The Kuwait Stock Exchange (KSE) closed the week Wednesday two percent up for the second week running, as the market continued to buck the traditional summer trading lull on government pledges to initiate reforms.
The KSE index closed at 1,408.8 points, over the 1,400-point barrier for the first time in seven weeks, but still 2.3 percent lower than the end of 1999 and 50.3 percent down on the index's all-time high in November 1997.
The index gained 37.4 points in August, a month when trading is traditionally very slow.

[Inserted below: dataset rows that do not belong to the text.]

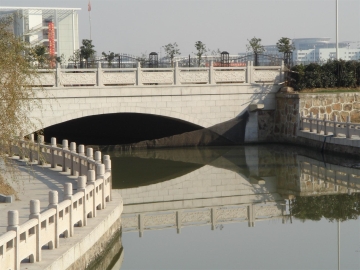 花岗岩桥梁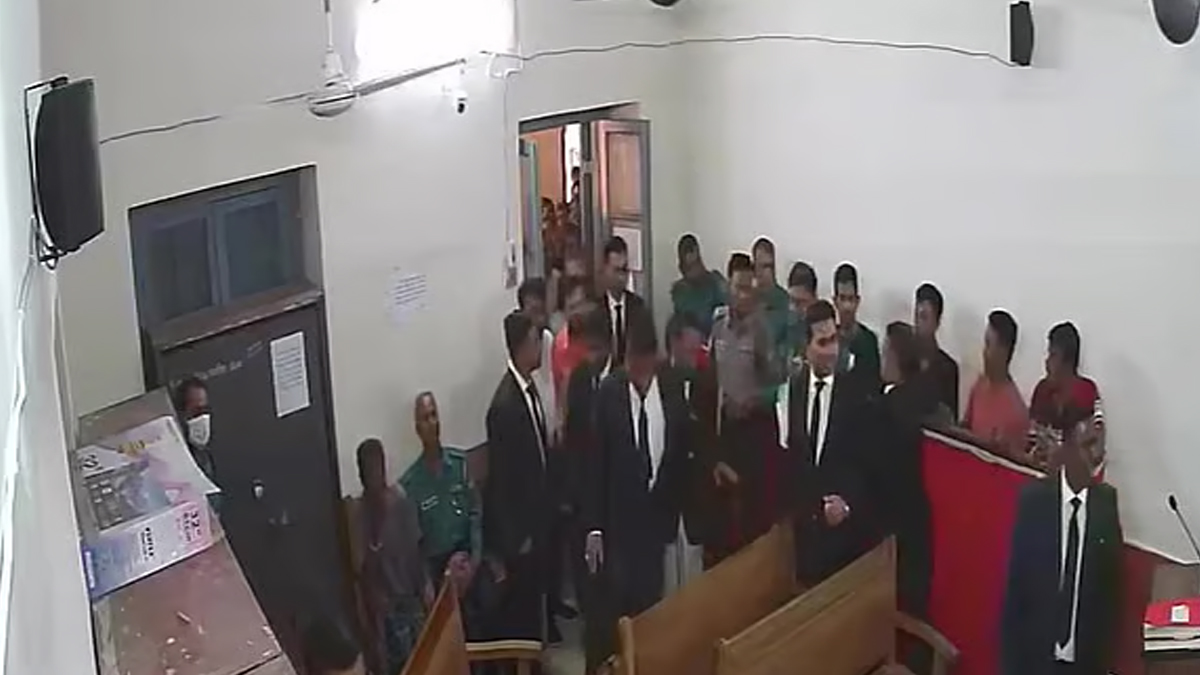 আ.লীগ নেতাদের জামিন, বরিশালের আদালতে আইনজীবীদের হট্টগোল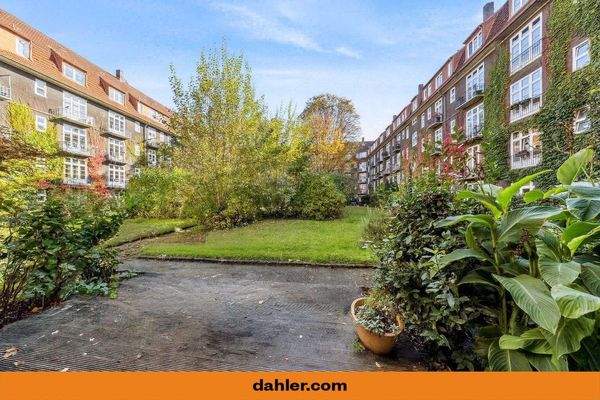 Terrasse in den Hinterhof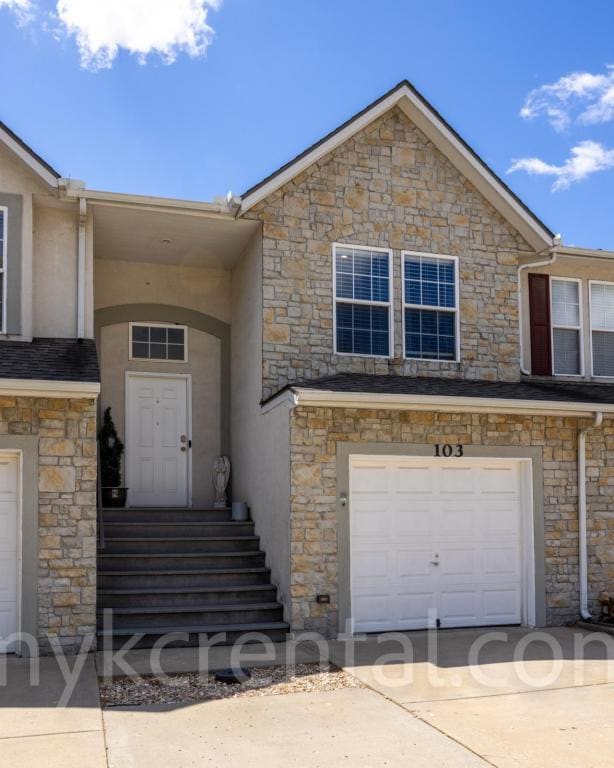 Building Photo - 1201 N Mart-way Dr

The rise was buoyed by the government's introduction of legislation allowing foreigners to trade on the bourse and promises to press economic reforms.
"My old customers who disappeared because of the decline in 1998 and 1999 have returned. They made some orders to buy shares," one broker said.
Last week, the KSE rose 2.2 percent on the back of the government's nod to regulations of a bill allowing foreign ownership of Kuwaiti stocks.
The bill allows foreign investors and expatriates living in Kuwait to own up to 100 percent of the stock of Kuwaiti companies listed on the stock exchange other than banks, where ownership will be limited to 49 percent.
Ownership in banks could still exceed that percentage if approval is granted by the cabinet on the recommendation of the central bank.
Confidence was strengthened after the government approved on August 27 amendments to the 1960 Commercial Law, stipulating more transparency on the bourse and introducing penalties for leaking insider information.
Analysts, however, still fear that political wrangling may negatively affect the resurgent bourse.
Some 87 companies with market capitalization of about 20 billion dollars are listed on the KSE, the second largest bourse in the Arab world after the NCFEI in Saudi Arabia.